**TRY IT**.
Of all the lines below, return only those starting with the line holding "Móc tròn treo" and going on through the line holding "How to Beat", exactly as written.

BEGIN MATERIAL SHOWN

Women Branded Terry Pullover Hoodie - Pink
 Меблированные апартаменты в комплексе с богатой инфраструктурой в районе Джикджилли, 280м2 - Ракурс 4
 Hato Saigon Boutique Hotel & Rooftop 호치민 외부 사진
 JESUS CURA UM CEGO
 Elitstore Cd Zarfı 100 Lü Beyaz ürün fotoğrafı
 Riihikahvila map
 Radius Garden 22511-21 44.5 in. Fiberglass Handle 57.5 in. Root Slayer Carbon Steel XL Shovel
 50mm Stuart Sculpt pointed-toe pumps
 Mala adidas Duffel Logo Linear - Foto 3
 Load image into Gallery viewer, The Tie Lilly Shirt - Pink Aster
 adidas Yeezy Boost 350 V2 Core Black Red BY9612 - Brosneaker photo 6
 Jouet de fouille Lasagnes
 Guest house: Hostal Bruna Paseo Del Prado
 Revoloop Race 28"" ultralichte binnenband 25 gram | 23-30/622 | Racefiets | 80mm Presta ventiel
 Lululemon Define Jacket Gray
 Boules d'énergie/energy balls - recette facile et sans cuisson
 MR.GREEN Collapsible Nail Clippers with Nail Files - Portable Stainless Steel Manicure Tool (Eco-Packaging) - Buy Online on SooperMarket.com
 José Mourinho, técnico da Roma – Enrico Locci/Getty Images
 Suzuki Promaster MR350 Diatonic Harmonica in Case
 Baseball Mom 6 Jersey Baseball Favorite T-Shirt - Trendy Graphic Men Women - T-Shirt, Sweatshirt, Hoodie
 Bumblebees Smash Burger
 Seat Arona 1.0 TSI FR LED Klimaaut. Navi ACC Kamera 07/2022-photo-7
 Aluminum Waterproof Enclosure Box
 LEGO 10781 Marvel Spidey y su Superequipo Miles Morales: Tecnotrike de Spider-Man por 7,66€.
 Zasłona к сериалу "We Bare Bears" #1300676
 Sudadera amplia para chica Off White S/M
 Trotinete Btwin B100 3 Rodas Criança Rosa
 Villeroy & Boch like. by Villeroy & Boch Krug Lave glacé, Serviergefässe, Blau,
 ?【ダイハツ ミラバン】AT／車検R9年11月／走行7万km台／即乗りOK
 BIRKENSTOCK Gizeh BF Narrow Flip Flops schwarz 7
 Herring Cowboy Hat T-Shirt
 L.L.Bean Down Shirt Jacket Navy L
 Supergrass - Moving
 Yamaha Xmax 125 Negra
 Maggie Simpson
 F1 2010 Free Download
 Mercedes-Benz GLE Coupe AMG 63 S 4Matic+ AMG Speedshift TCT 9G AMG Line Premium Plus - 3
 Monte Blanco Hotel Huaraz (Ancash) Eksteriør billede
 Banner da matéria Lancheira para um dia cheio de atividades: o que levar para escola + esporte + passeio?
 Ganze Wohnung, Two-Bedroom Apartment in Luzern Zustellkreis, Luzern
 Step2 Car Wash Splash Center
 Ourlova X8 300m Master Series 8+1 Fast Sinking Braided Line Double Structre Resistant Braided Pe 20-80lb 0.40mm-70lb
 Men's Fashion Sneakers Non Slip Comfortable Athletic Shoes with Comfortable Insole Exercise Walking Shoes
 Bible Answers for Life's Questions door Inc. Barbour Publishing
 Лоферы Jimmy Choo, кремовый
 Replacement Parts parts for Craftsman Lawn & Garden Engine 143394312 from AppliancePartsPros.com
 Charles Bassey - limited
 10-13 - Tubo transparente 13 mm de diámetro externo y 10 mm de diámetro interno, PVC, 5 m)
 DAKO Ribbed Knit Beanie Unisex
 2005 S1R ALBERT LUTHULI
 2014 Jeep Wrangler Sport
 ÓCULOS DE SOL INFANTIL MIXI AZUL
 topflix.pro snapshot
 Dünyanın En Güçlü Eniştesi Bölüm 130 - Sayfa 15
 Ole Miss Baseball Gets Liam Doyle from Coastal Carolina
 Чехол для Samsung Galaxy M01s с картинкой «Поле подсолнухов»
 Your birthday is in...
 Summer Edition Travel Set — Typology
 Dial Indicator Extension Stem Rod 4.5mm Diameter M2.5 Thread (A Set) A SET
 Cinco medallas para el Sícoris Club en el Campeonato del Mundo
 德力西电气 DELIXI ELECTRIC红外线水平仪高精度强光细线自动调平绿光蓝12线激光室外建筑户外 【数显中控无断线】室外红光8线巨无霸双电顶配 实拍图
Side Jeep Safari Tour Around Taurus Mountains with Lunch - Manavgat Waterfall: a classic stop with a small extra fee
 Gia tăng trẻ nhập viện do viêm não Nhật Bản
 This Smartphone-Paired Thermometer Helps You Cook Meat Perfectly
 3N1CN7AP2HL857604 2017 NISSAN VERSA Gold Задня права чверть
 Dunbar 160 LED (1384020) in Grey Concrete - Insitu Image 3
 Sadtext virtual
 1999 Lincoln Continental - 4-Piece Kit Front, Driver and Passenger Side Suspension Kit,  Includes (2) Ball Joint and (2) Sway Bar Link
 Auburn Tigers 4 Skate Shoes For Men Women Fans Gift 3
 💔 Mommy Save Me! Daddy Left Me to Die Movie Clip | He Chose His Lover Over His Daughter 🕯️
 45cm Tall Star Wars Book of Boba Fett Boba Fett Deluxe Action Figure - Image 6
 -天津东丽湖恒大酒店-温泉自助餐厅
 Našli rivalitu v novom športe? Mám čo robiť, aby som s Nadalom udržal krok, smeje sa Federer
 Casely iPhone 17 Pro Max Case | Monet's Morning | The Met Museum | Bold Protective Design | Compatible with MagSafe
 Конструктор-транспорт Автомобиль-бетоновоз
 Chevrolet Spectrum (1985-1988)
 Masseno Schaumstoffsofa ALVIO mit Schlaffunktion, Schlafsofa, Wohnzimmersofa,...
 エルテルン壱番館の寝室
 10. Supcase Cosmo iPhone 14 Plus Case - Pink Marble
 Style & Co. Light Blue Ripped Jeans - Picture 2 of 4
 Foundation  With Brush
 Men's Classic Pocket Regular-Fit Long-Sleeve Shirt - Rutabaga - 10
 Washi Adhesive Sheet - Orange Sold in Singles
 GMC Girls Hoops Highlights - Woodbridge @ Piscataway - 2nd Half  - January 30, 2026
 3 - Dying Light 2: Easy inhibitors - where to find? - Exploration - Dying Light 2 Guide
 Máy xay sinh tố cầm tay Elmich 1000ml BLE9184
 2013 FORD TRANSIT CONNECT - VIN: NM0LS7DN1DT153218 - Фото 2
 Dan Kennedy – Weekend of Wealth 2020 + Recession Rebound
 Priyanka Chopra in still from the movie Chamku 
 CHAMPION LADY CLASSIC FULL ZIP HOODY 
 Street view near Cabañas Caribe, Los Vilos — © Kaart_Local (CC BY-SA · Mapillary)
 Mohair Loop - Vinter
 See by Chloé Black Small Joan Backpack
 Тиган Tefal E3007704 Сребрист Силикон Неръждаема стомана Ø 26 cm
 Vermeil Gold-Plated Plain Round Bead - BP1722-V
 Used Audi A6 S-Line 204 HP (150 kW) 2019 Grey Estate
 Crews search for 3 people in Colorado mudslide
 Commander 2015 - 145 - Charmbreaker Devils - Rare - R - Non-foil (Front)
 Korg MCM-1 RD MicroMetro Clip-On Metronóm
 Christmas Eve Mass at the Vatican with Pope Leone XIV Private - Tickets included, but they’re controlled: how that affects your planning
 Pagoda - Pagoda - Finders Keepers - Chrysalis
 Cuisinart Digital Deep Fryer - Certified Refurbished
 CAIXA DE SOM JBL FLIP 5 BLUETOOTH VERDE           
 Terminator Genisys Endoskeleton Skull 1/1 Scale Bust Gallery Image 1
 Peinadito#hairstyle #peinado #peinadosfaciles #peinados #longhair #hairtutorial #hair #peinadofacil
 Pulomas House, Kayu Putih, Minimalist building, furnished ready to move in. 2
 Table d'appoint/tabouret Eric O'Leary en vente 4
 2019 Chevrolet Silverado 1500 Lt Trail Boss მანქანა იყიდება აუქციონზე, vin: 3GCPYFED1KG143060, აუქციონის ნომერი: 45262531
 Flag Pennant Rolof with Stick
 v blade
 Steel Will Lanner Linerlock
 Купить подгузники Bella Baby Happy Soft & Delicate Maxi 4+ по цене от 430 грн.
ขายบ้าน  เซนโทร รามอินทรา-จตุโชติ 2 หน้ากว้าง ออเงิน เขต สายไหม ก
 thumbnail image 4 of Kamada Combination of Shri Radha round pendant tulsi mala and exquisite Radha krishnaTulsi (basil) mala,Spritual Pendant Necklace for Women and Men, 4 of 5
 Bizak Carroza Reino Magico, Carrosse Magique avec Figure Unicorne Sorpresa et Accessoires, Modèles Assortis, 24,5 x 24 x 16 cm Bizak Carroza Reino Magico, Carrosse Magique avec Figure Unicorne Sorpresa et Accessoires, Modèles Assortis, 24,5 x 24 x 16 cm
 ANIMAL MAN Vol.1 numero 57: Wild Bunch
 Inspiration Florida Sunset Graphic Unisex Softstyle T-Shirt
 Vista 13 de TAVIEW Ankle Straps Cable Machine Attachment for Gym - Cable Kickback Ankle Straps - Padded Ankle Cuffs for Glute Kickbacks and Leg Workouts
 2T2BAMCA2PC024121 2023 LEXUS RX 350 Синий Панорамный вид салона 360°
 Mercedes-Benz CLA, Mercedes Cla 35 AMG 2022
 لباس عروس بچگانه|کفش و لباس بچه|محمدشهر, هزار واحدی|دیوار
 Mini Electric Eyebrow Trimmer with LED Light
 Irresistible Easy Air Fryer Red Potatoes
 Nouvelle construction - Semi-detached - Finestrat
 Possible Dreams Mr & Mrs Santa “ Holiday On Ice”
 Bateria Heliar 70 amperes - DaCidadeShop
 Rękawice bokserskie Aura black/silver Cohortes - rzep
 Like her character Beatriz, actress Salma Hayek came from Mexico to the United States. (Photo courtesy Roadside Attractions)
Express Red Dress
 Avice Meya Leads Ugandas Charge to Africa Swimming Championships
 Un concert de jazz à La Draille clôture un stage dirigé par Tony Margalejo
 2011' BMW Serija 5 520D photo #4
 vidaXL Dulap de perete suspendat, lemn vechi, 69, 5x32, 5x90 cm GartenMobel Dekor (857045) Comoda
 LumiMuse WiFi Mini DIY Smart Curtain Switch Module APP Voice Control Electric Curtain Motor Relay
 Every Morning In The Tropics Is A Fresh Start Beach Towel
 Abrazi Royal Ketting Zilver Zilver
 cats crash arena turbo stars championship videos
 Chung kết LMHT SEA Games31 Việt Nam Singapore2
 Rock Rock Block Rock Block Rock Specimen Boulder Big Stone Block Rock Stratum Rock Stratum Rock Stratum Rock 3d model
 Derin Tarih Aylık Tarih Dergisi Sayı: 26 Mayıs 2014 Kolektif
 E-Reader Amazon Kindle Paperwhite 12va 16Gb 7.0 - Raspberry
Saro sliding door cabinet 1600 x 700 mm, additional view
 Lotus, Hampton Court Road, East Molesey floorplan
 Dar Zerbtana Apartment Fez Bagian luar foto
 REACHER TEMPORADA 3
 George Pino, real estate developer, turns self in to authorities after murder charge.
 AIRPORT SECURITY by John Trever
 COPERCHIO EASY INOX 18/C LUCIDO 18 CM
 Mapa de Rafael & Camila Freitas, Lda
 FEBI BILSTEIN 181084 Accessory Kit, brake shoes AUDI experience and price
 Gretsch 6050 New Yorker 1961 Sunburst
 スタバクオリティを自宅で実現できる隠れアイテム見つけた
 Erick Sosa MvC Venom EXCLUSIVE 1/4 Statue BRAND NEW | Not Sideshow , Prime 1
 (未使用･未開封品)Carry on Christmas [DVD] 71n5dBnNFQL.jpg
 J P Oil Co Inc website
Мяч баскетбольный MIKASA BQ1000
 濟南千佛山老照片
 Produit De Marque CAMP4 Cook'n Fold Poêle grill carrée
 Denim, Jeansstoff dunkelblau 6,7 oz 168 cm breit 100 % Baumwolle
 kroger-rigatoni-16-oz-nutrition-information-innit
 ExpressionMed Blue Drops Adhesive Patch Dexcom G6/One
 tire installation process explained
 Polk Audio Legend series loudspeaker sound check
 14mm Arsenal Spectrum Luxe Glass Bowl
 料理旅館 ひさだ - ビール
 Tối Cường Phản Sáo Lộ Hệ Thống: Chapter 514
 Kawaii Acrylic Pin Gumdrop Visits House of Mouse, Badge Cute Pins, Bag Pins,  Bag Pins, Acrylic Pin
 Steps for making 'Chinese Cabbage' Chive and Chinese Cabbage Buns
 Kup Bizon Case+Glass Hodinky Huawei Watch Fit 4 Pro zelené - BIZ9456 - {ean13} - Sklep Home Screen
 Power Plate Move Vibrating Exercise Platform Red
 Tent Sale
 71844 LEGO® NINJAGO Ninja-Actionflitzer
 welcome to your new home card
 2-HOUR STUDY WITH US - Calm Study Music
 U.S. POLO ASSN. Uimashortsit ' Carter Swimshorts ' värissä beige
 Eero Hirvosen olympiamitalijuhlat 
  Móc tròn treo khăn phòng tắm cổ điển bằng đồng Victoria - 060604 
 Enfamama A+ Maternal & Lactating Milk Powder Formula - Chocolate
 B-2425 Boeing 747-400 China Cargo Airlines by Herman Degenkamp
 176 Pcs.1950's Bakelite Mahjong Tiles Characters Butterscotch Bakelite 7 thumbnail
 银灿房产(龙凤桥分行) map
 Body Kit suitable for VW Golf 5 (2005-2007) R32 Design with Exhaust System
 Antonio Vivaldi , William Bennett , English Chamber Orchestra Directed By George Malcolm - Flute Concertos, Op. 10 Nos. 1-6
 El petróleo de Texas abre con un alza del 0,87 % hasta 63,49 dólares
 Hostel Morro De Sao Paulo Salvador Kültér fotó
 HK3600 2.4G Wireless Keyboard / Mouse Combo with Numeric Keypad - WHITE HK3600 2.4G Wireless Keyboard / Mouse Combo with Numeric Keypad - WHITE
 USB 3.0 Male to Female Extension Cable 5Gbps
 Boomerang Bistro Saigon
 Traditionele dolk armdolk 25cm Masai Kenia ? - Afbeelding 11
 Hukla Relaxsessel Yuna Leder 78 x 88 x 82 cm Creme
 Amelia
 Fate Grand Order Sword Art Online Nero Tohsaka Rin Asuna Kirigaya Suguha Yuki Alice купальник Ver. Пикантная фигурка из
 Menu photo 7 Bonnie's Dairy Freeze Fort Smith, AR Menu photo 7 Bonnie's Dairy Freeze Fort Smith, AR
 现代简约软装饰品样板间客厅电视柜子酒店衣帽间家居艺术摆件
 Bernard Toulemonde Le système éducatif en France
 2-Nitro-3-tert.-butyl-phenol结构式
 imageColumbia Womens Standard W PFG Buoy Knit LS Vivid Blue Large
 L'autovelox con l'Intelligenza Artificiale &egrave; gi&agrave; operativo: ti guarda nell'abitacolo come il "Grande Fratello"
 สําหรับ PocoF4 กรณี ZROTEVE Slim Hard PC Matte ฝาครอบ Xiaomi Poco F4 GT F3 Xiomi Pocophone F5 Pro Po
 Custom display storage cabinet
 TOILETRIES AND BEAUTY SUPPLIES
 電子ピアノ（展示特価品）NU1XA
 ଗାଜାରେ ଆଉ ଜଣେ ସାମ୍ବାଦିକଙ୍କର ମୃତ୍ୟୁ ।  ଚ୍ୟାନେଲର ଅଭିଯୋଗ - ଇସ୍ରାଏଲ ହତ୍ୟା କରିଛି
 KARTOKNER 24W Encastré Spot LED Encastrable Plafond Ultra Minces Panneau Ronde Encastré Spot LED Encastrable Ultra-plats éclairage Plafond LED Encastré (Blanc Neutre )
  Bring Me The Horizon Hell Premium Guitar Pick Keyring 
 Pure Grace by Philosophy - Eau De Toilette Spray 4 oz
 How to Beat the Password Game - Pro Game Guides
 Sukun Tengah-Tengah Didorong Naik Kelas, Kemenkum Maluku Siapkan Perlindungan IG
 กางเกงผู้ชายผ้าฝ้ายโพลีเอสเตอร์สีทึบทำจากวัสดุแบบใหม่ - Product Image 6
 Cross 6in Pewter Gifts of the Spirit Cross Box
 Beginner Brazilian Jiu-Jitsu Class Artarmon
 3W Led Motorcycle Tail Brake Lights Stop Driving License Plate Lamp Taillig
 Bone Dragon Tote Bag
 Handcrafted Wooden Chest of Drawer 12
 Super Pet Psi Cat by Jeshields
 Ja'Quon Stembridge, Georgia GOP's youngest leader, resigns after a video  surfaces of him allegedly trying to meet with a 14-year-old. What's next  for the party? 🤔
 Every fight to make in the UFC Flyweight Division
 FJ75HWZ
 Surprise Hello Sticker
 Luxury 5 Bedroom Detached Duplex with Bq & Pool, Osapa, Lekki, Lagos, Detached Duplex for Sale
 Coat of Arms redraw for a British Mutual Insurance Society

END MATERIAL SHOWN

**SOLUTION**.
  Móc tròn treo khăn phòng tắm cổ điển bằng đồng Victoria - 060604 
 Enfamama A+ Maternal & Lactating Milk Powder Formula - Chocolate
 B-2425 Boeing 747-400 China Cargo Airlines by Herman Degenkamp
 176 Pcs.1950's Bakelite Mahjong Tiles Characters Butterscotch Bakelite 7 thumbnail
 银灿房产(龙凤桥分行) map
 Body Kit suitable for VW Golf 5 (2005-2007) R32 Design with Exhaust System
 Antonio Vivaldi , William Bennett , English Chamber Orchestra Directed By George Malcolm - Flute Concertos, Op. 10 Nos. 1-6
 El petróleo de Texas abre con un alza del 0,87 % hasta 63,49 dólares
 Hostel Morro De Sao Paulo Salvador Kültér fotó
 HK3600 2.4G Wireless Keyboard / Mouse Combo with Numeric Keypad - WHITE HK3600 2.4G Wireless Keyboard / Mouse Combo with Numeric Keypad - WHITE
 USB 3.0 Male to Female Extension Cable 5Gbps
 Boomerang Bistro Saigon
 Traditionele dolk armdolk 25cm Masai Kenia ? - Afbeelding 11
 Hukla Relaxsessel Yuna Leder 78 x 88 x 82 cm Creme
 Amelia
 Fate Grand Order Sword Art Online Nero Tohsaka Rin Asuna Kirigaya Suguha Yuki Alice купальник Ver. Пикантная фигурка из
 Menu photo 7 Bonnie's Dairy Freeze Fort Smith, AR Menu photo 7 Bonnie's Dairy Freeze Fort Smith, AR
 现代简约软装饰品样板间客厅电视柜子酒店衣帽间家居艺术摆件
 Bernard Toulemonde Le système éducatif en France
 2-Nitro-3-tert.-butyl-phenol结构式
 imageColumbia Womens Standard W PFG Buoy Knit LS Vivid Blue Large
 L'autovelox con l'Intelligenza Artificiale &egrave; gi&agrave; operativo: ti guarda nell'abitacolo come il "Grande Fratello"
 สําหรับ PocoF4 กรณี ZROTEVE Slim Hard PC Matte ฝาครอบ Xiaomi Poco F4 GT F3 Xiomi Pocophone F5 Pro Po
 Custom display storage cabinet
 TOILETRIES AND BEAUTY SUPPLIES
 電子ピアノ（展示特価品）NU1XA
 ଗାଜାରେ ଆଉ ଜଣେ ସାମ୍ବାଦିକଙ୍କର ମୃତ୍ୟୁ ।  ଚ୍ୟାନେଲର ଅଭିଯୋଗ - ଇସ୍ରାଏଲ ହତ୍ୟା କରିଛି
 KARTOKNER 24W Encastré Spot LED Encastrable Plafond Ultra Minces Panneau Ronde Encastré Spot LED Encastrable Ultra-plats éclairage Plafond LED Encastré (Blanc Neutre )
  Bring Me The Horizon Hell Premium Guitar Pick Keyring 
 Pure Grace by Philosophy - Eau De Toilette Spray 4 oz
 How to Beat the Password Game - Pro Game Guides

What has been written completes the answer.